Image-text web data
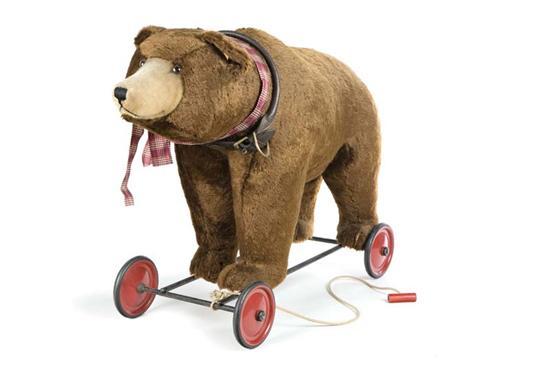 Appraisal: STEIFF BEAR ON WHEELS Large brown bear with leather collar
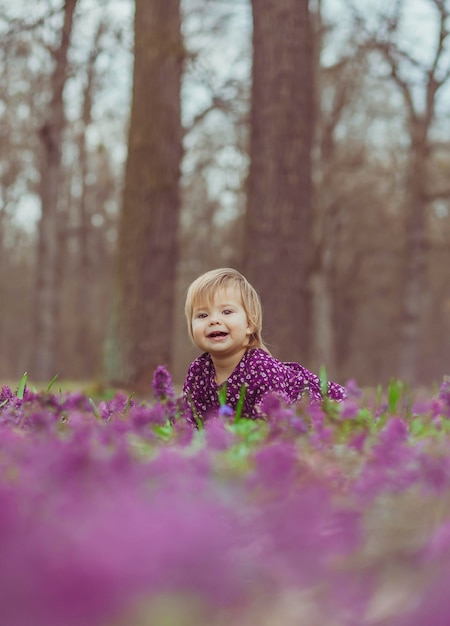 blond baby in a colored dress lies in a forest glade in flowers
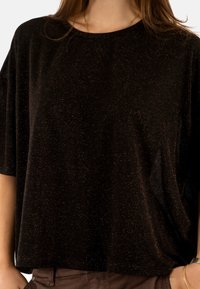 Top negro de manga corta con un corte relajado, que presenta una superficie texturizada con pequeñas motas metálicas para un efecto de brillo sutil.
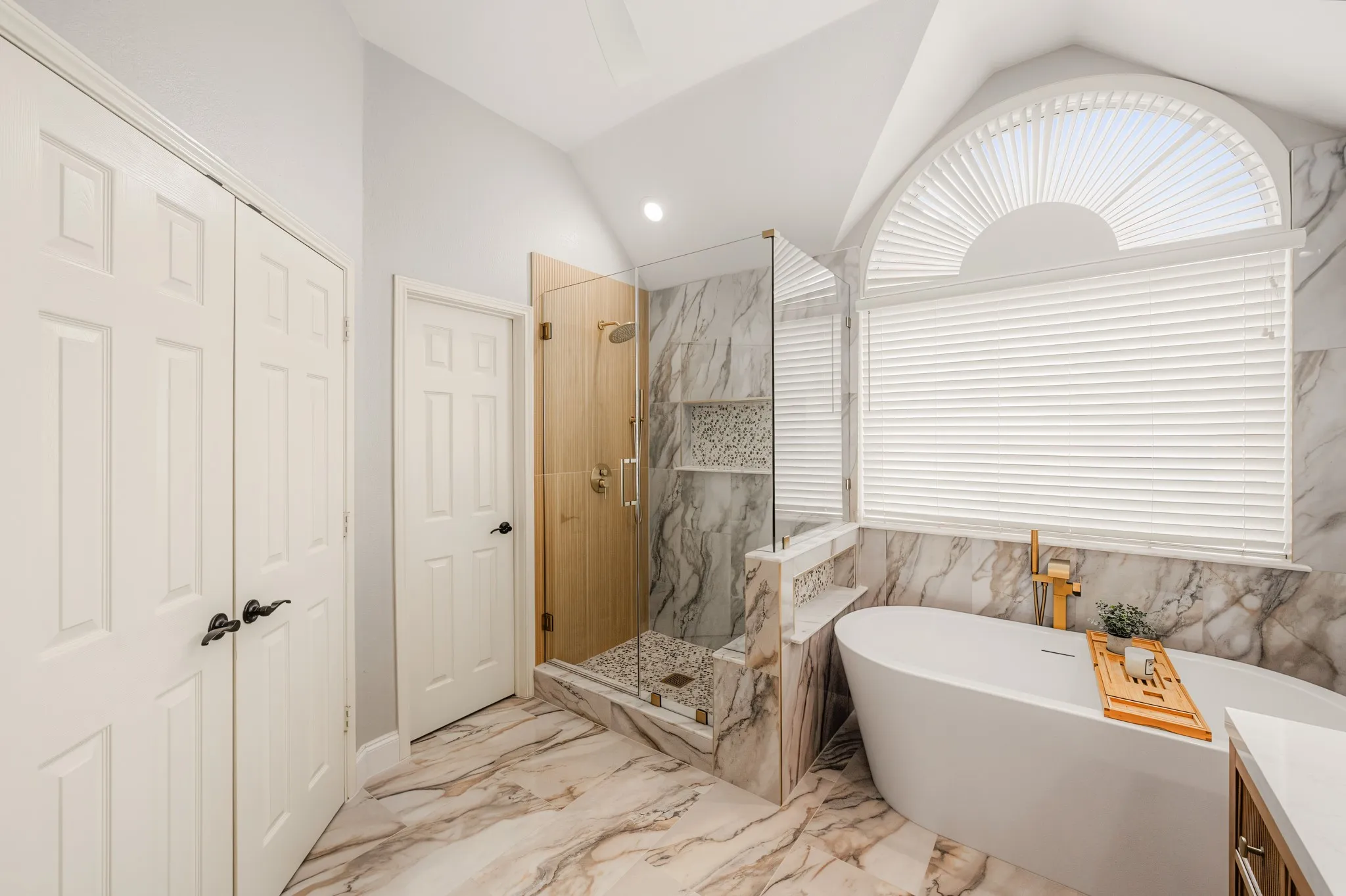 Freestanding soaking tub with gold-tone fixtures, complemented by a walk-in shower with glass enclosure and mosaic tile accents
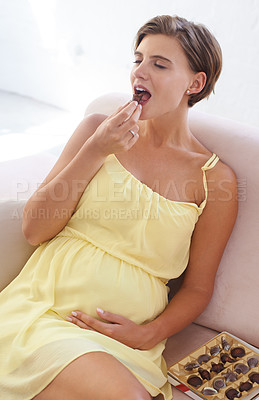 Buy stock photo Happy woman, eating chocolate and pregnant in home, alone and enjoying delicious pregnancy craving. Good mood, comfort food and candy dessert for maternity, snack and sweet tooth satisfaction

_WORK REQUIRED_
Retype the records exactly, but skip the pictures.

_EXERCISE RESPONSE_
 Appraisal: STEIFF BEAR ON WHEELS Large brown bear with leather collar
 blond baby in a colored dress lies in a forest glade in flowers
 Top negro de manga corta con un corte relajado, que presenta una superficie texturizada con pequeñas motas metálicas para un efecto de brillo sutil.
 Freestanding soaking tub with gold-tone fixtures, complemented by a walk-in shower with glass enclosure and mosaic tile accents
 Buy stock photo Happy woman, eating chocolate and pregnant in home, alone and enjoying delicious pregnancy craving. Good mood, comfort food and candy dessert for maternity, snack and sweet tooth satisfaction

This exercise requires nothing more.